To a generation only recently of voting age but already saddled with the weight of burgeoning student debt, Bernie’s platforms resonate soundly. The voices of those most impacted by mounting student debt need to be heard, and Senator Sanders seems to be the one listening. Few other candidates are highlighting issues that so immediately affect young people as Bernie’s calls for reduction in the costs of higher education.
Millennials watched the Supreme Court rule on Citizens United, endured the Great Recession at the hands of an unregulated finance industry, witnessed the destructive drought in California, and heard the cries demanding justice for Trayvon Martin, Eric Garner, Sandra Bland, and too many more. Bernie’s firm stances on campaign finances, income inequality, climate change, and racial justice are answers to the questions that young voters have been asking.

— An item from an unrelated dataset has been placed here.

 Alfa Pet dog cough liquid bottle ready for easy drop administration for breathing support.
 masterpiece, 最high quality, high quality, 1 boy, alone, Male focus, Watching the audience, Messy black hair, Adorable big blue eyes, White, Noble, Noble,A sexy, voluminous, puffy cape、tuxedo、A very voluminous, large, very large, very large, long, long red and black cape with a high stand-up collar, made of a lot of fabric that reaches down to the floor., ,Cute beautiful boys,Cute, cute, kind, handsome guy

Whether Bernie’s independent quest for the Democratic nomination is successful or not, his campaign is important because it forces more honest and critical discourse surrounding crucial issues, while piquing the interest of voters who feel inadequately represented by mainstream candidates. UC Berkeley has an important role to play in this movement.
As the value of a bachelor’s degree has plummeted, its costs have skyrocketed at institutions of higher education across the country. The University of California is a prime example: student fees have tripled here since 2000 alone. The hard-won hiatus in tuition hikes for resident students until 2017 is, unfortunately, merely a temporary solution. However, the 2016 presidential race presents an ideal opportunity for Berkeley students to turn their activism towards long-term solutions to the crisis of public higher education funding. For such long-term solutions, there is no better candidate than Independent Vermont Senator and Democratic Presidential Candidate Bernie Sanders.
The greatest threat to our nation’s politics, well-being, and environment is our own political apathy. Despite being the age demographic that arguably has the most vested interest in the long-term future of the country, young people consistently have the lowest voter turnout rates. Many of us have grown up being taught that our votes won’t make a difference and that our views can’t bring about change.
But we can change that mentality. As Bernie said himself, “It is not just about electing Bernie Sanders for President. It is about creating a grassroots political movement in this country.”
Supporting Bernie Sanders in the Democratic Primaries this June means bringing a voice to idealism and voting for policy, not politics. This campaign is just part of a greater movement to get big money out of elections, preserve the environment, fight income inequality, and make education accessible and affordable. Should Sanders lose the primary, the campaign cannot end there. It manifests itself where it began — in local activism and politics, the labor movement, the student movement, and the eternal struggle to make the unheard heard.
This campaign provides a golden opportunity for students to get involved in the issues that most affect them. The success of this campaign and the success of the movement beyond the election hinges on the commitment of students. Individual people, individual donations, and individual voices can make all the difference when they are united. The establishment and the big donors may have the money, but we have the people.
Get informed, get educated, and get out the vote. Together, we just might be able to actually make America great again.
Rigel Robinson and John Paraskevopoulos are co-founders of UC Berkeley Students for Bernie and Paraskevopoulos is a former Daily Cal copy editor.